Myths About Cryptocurrency
Bitcoin, the first cryptocurrency, was introduced in 2009. There are now thousands of cryptocurrencies, with a total value of around $2 trillion. The rise in their prices earlier in the year generated thousands of cryptocurrency millionaires, at least on paper. Many investors may find cryptocurrencies a huge speculative bubble. Many cryptocurrency fortunes have been destroyed by the recent plunge of prices. However, whatever their fate, the technological innovations that underpin them will change the nature of money.
Here are some popular myths people believe about cryptocurrency below:
1. Digital Currencies are Primarily used for Illicit Activity
One of the most common myths about digital currency is that are only used to do illicit activities. Although it is true that digital currency has been used by criminal organizations as well as individuals with nefarious ends, the same could be said for fiat currencies. This myth can be explained by the anonymity of most cryptocurrencies. Bitcoin was the first major digital currency and became very popular on black markets such as the Silk Road.
It’s true that bitcoin’s anonymity and some aspects may have attracted criminals to do illegal business in those markets. However, it is important to remember that the illegality of the transactions was not caused by the cryptocurrency. It is possible for criminals to use fiat currency in their crimes so as not blame such innovation. Analysis of the patterns of money flows on the Bitcoin network revealed that although there was a time when most Bitcoin activity was concentrated at black market and gambling venues , that amount has fallen to a very small percentage of total usage today.
2. Cryptocurrencies Are a Scam
Investors should be wary of potential scams. Numerous initial coin offerings have been exposed as fraudulent in many ways. Smart investors treat cryptocurrencies the same as any other investment, with a healthy amount of skepticism along with extensive research and caution.
Investors can be lured into investing in fraudulent opportunities in traditional financial markets too. This happens when investors don’t take the time to fully consider the details of the opportunity. As one would need to be able to discern good from bad investments in traditional finance, the same applies to cryptocurrency investment opportunities. Although it is impossible to eliminate the possibility of being scammed, it can be reduced significantly.

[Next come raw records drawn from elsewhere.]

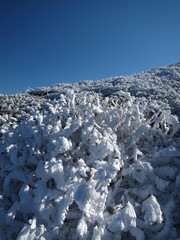 樹氷と青空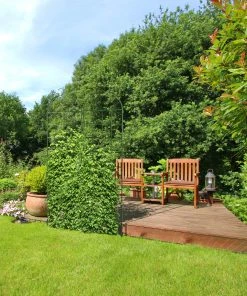 Relaxdays Rankgitter 2er Set 220 cm 12 Relaxdays Rankgitter 2er Set 220 cm -Gartenaccessoires Verkäufe 2022 85c16c24c3584c1084026c7b9384f47a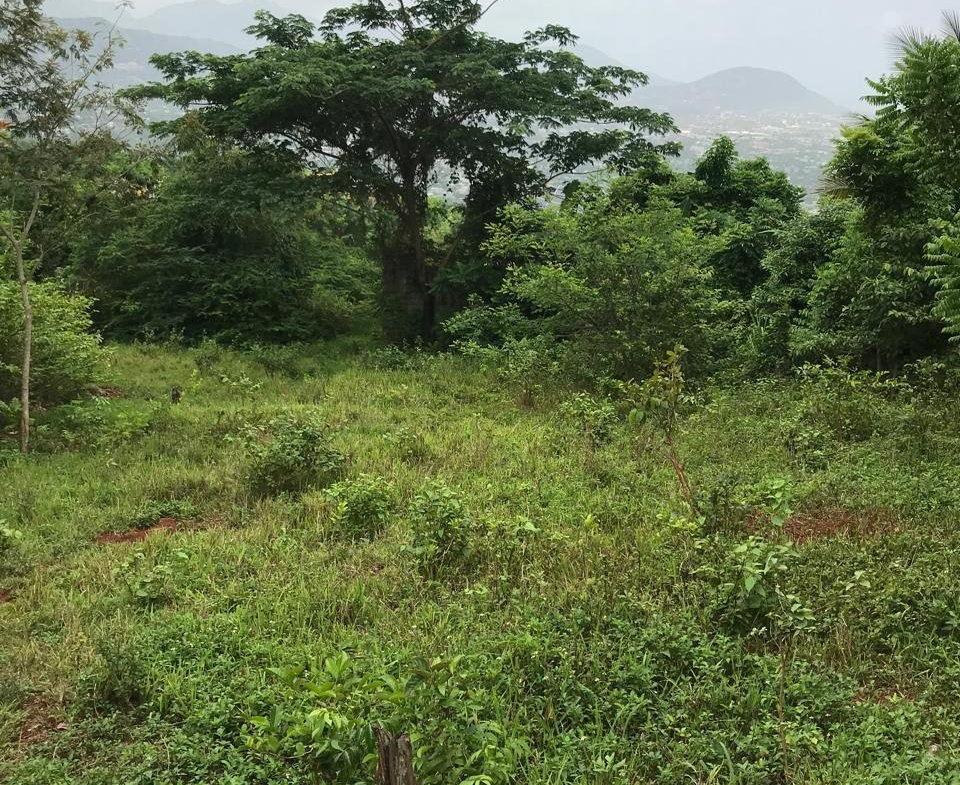 First image of Sterling Castle Red Hills in Red Hills, St. Andrew, Jamaica - property is For Sale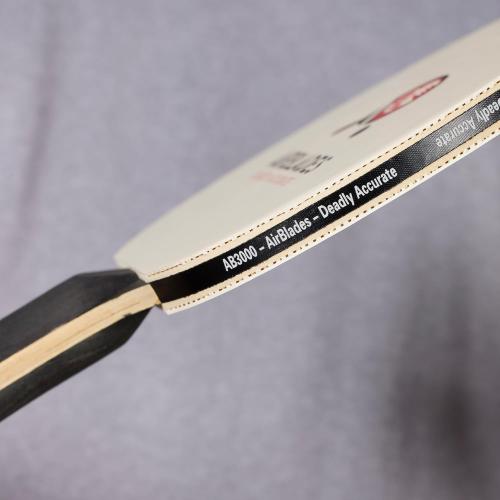 Professional Ping Pong Paddle with Hard Carry Case | Pro Table Tennis Racket | Table Tennis Paddle with Ergonomic Handle | 5 Blades of Wood with Premium Rubber and Sponge by AirBlades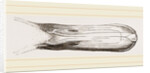 Bill of Pintailed Duck by Anonymous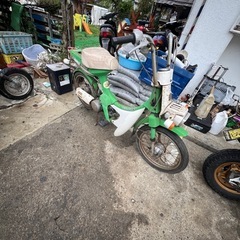 パルフレイ50の画像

3. Cryptocurrencies and Blockchain technology are the same
FALSE. Thou they are often mistakenly thought to be synonymous. Blockchain is the technology that underpins cryptocurrencies. It is the technology it uses.that is if you think they are the same, because they are not. Cryptocurrency uses the other–blockchain tech to function.
4. Crypto transactions are anonymous.
Bitcoin was initially marketed as an anonymous medium for exchange that was untraceable and invisible to hackers when it first appeared. According to Bitcoin.org, Bitcoin transactions are permanently stored on a network and can be accessed by anyone. While Bitcoin addresses don’t have names attached, transactions can be linked with real-world identities. According to Business Insider cash is more anonymous than cryptocurrency.

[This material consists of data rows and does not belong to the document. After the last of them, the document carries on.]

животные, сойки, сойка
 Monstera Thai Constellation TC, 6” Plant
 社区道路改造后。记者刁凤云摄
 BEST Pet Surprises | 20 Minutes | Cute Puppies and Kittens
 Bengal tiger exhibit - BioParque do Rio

5. Cryptocurrencies will soon be a passing fad.
Warren Buffet has likened cryptocurrencies to 17-century Dutch tulip craze. Bank of England Governor Andrew Bailey warned that cryptocurrencies “Buy them only if you’re prepared to lose all your money” while Nouriel Roubini called Bitcoin “the mother or father of all scams” as well as criticizing its underlying technology.

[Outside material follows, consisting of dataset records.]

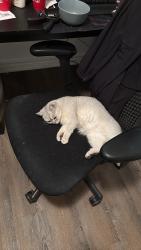 Lost Female Cat last seen Ravenbury road, Toronto, ON M2J 1Z7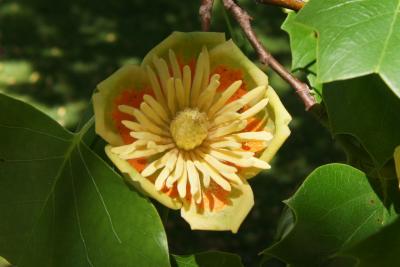 Liriodendron tulipifera (Tuliptree), flower, throat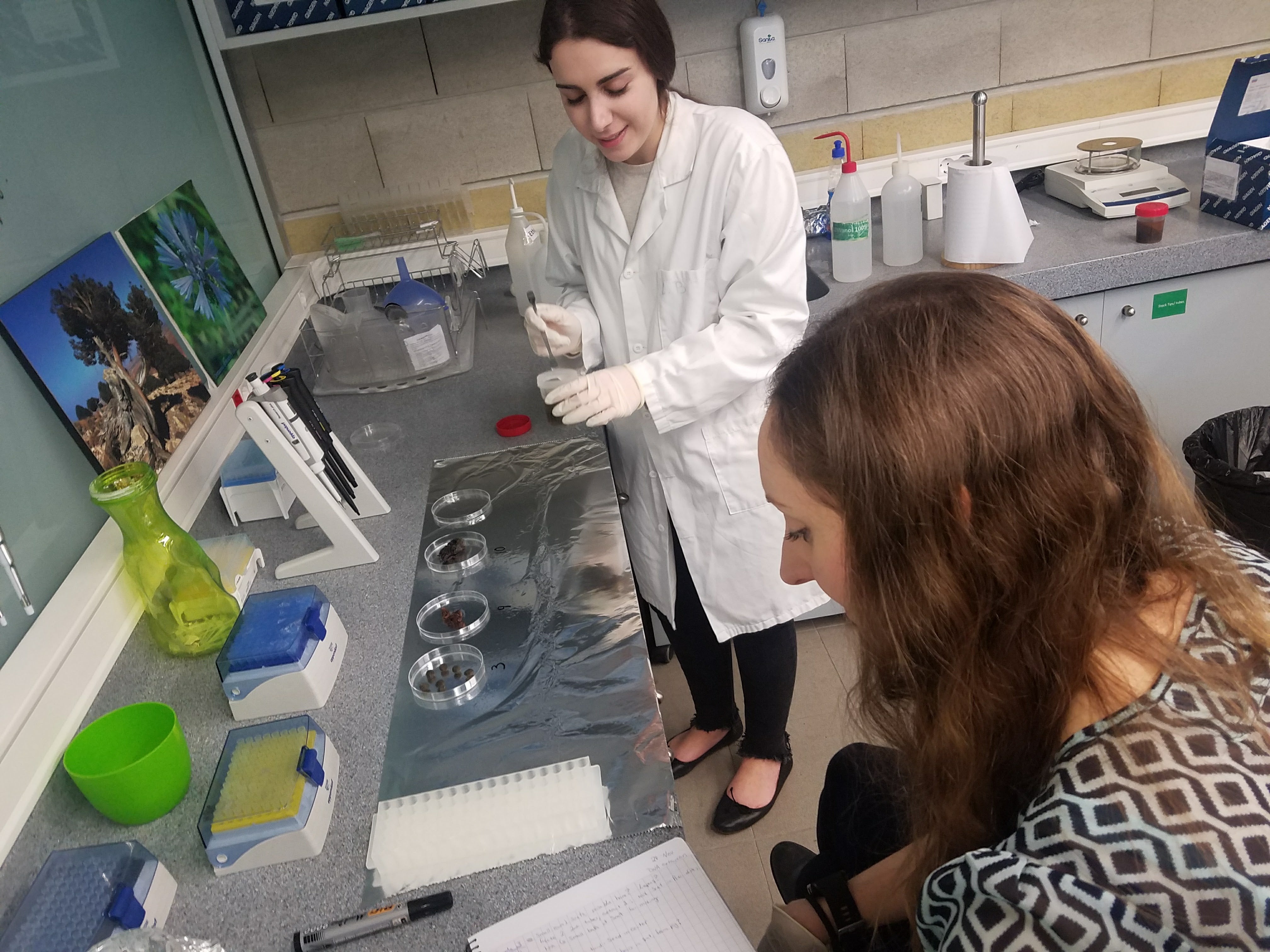 Training students at St. Joseph University in Beirut how to use DNA metabarcoding to analyze scat samples.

Although cryptocurrencies are not a viable investment vehicle due to the volatility of its values spiking and falling, they are making significant financial and economic changes. Stable coins will accelerate the rise of digital payments as the technology matures.
This will usher in the end of paper currency. Central banks around the globe have been encouraged to create digital versions of their currencies because of the threat of private currencies. The Bahamas already has a digital currency central bank, and countries such as Japan, China, and Sweden are experimenting with digital money. If you have any dollar bills, they could soon be relics.
Even transactions like buying a car or house could be handled by computer programs that run on cryptocurrency platforms.
Electronic transactions that involve money or other assets, such as transfers of assets and payments could be made easier by digital tokens. This is often done without the involvement of trusted third parties like real estate attorneys. While governments will continue to be required to enforce property rights and contractual obligations, software could one day replace bankers and accountants.
These are some few myths about digital currency: What were your thoughts? Did you believe any of these myths at one time? Many people have heard these stories and don’t want to invest or use cryptocurrencies. You don’t have to be one of them. Instead, explore the world of cryptocurrency and all it has to offer.